Celui-ci permettrait l'essor des meilleurs professeurs aux meilleurs postes de l'enseignement et de montrer de la reconnaissance envers les enseignants dévoués à leur métier. Ce serait également un moyen pour attirer les enseignants dans les écoles en sous performance et plus généralement de rendre la profession, actuellement boudée par les jeunes diplômés, plus attractive. Toutefois, au lieu de soulever un engouement, ce modèle n'a engendré que l'insatisfaction des professeurs. 

Mais quid de l'évaluation des performances et du mérite ? Comment évaluer le mérite d'un enseignant et établir des critères d'évaluation justes ? Jusqu'à présent les modèles de salaire au mérite mis en place à travers le monde se sont fondés sur des test standardisés passés par les élèves, sur les techniques pédagogiques des enseignants ou encore sur les travaux réalisés en classe en une journée. Dans le premier cas ce serait les élèves qui détermineraient les salaires des professeurs, et dans les autres cas ce serait un inspecteur. Mais encore une fois, quid de l'objectivité de l'inspecteur et des critères d'efficacité ?

Jusqu'à présent, tous les essais et études sur le salaire au mérite n'ont montré que l'installation d'un climat de travail hostile. John Hattie, professeur à l'Université de Melbourne, a étudié 50 des 80 modèles de salaire au mérite et aucun ne s'est montré performant. Au contraire, ils ont engendré de la compétition et de la rivalité entre les enseignants, une perte de temps pour les administrations, une politisation de la profession avec le possible favoritisme de la part des inspecteurs et un manque d'innovation de la part des professeurs qui suivent les critères d'évaluation sans sortir des sentiers battus.

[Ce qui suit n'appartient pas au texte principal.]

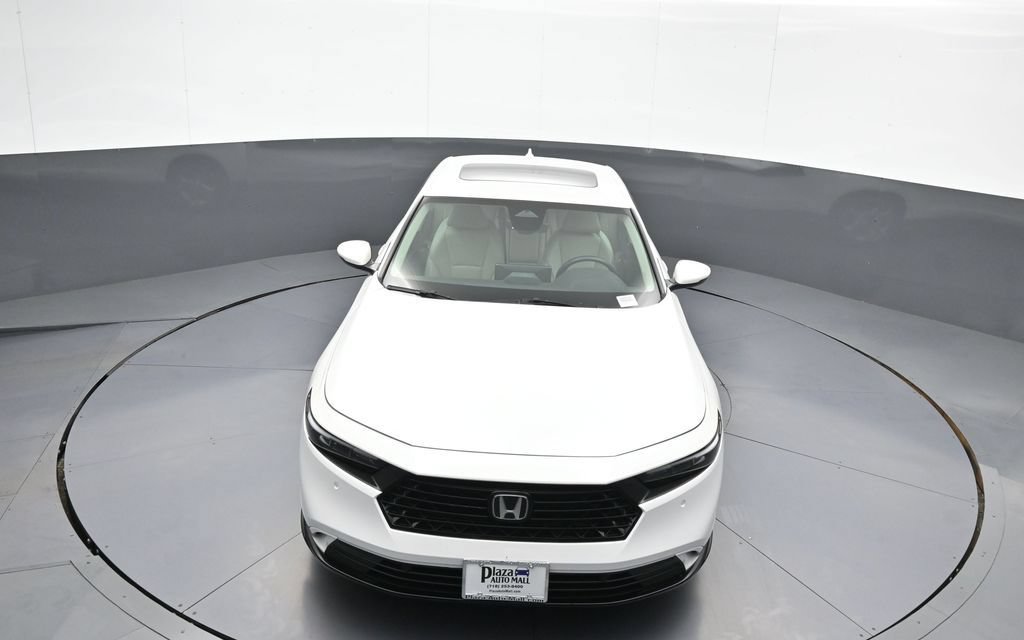 Certified 2024 Honda Accord EX-L image 34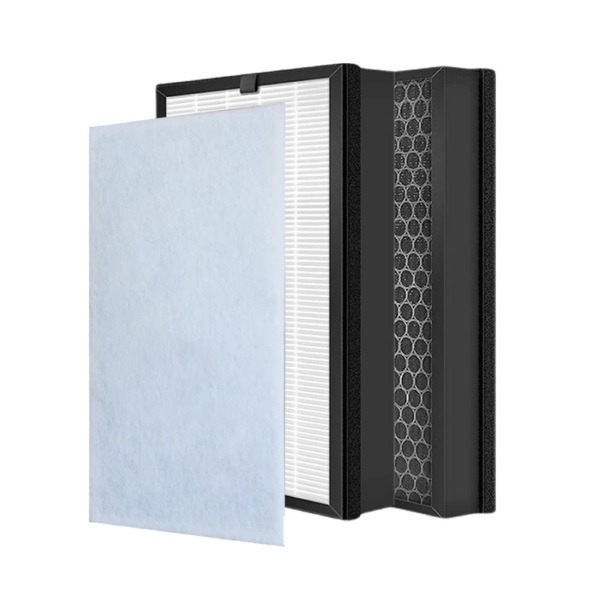 FAQs about air filter material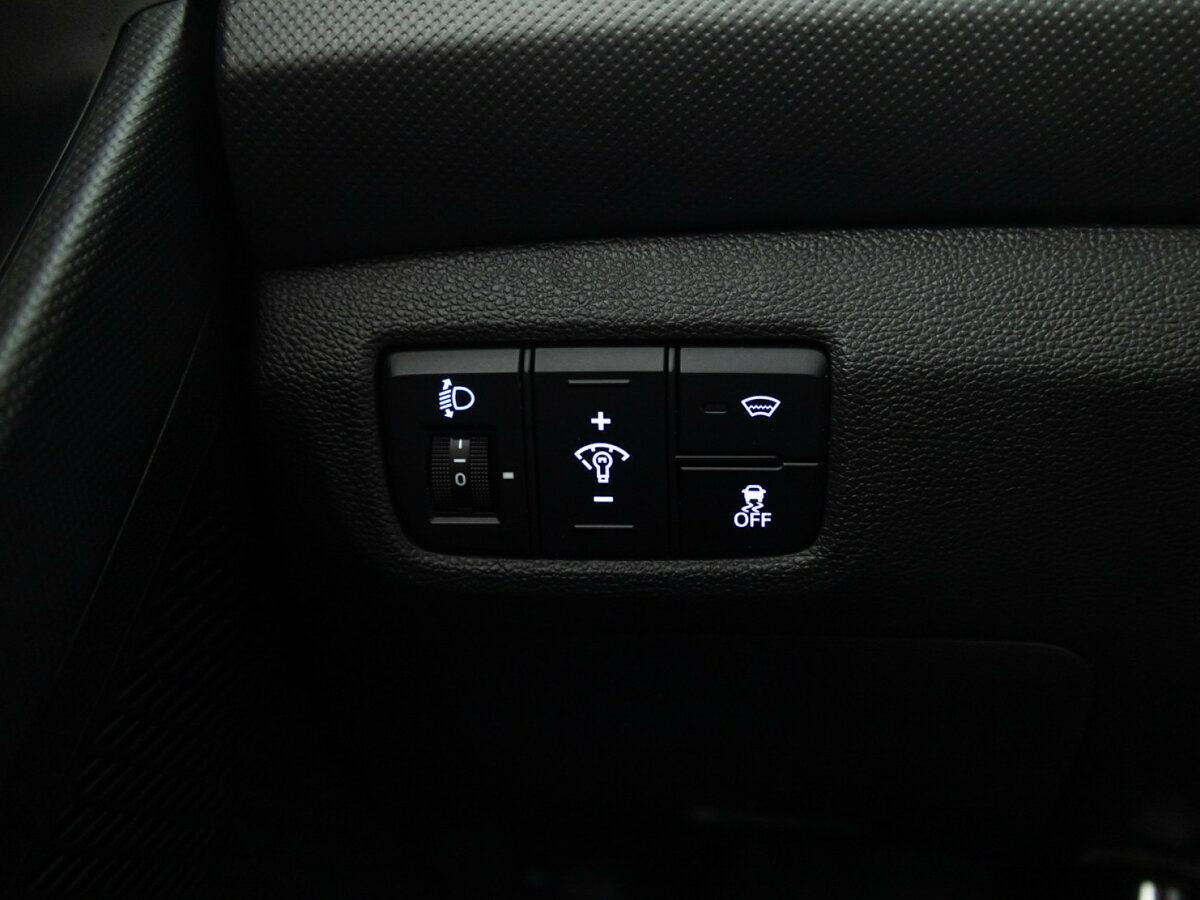 Купить Hyundai Creta I, 2018, 108 275 км, фото №18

D'après John Hattie, le salaire des professeurs devraient être évalués en fonction de leur expertise, de leurs études et de leur recherche et non par le résultat de leurs élèves.

Le salaire au mérite rime donc avec culture de la peur et isolation. Autant de conséquences néfastes sur les corps professoraux qui auront un impact négatif direct sur les performances des élèves, à l'inverse des attentes du gouvernement.